■ **DATA SHOWN**:

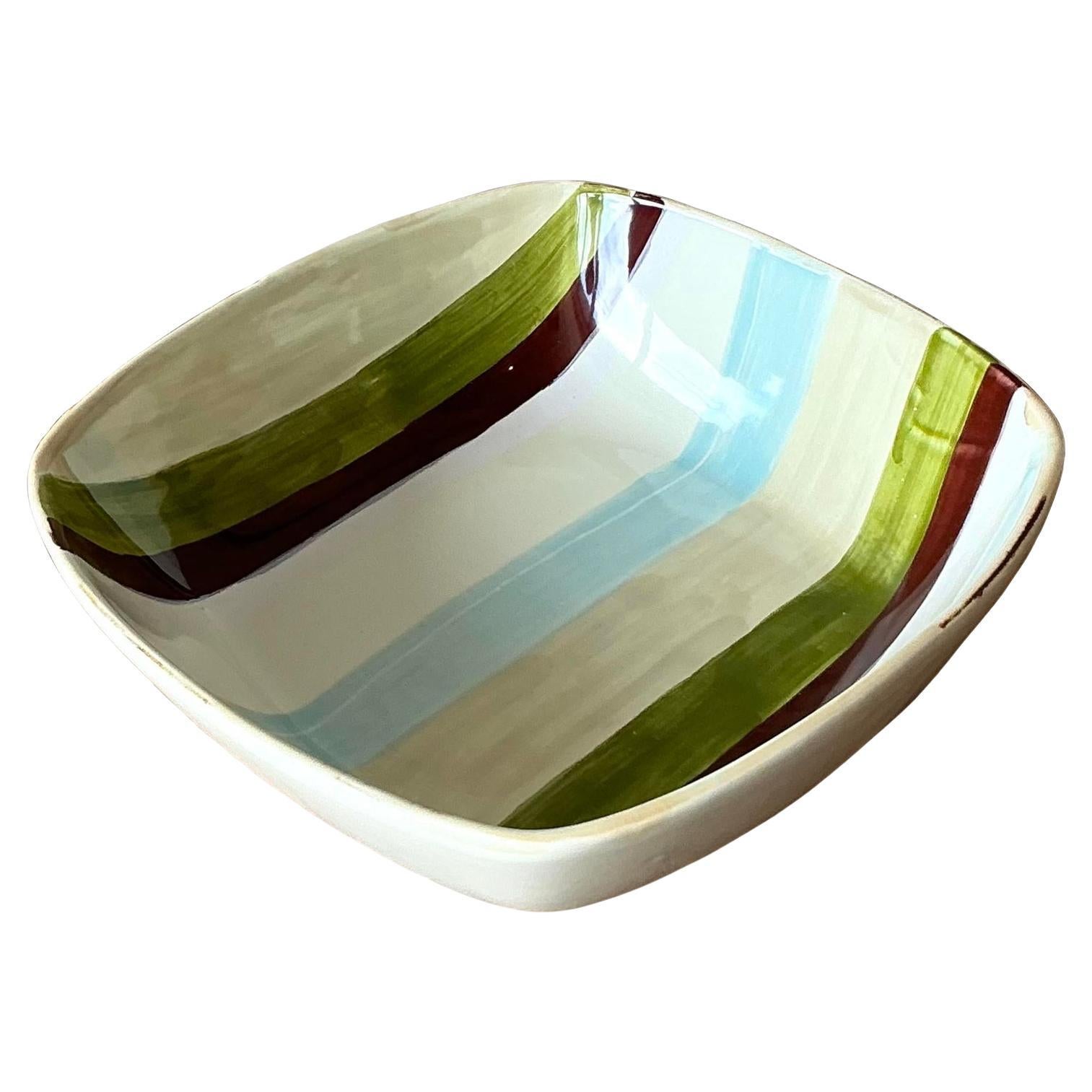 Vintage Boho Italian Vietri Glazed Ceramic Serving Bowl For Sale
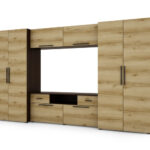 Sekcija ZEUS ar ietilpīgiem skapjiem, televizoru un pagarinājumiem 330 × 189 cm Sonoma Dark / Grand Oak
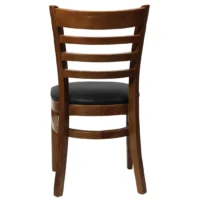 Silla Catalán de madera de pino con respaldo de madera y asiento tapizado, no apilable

■ **PROBLEM DESCRIPTION**: Please repeat the listing above word for word, with the pictures removed.

■ **SOLUTION FOR THIS TASK**:
 Vintage Boho Italian Vietri Glazed Ceramic Serving Bowl For Sale
 Sekcija ZEUS ar ietilpīgiem skapjiem, televizoru un pagarinājumiem 330 × 189 cm Sonoma Dark / Grand Oak
 Silla Catalán de madera de pino con respaldo de madera y asiento tapizado, no apilable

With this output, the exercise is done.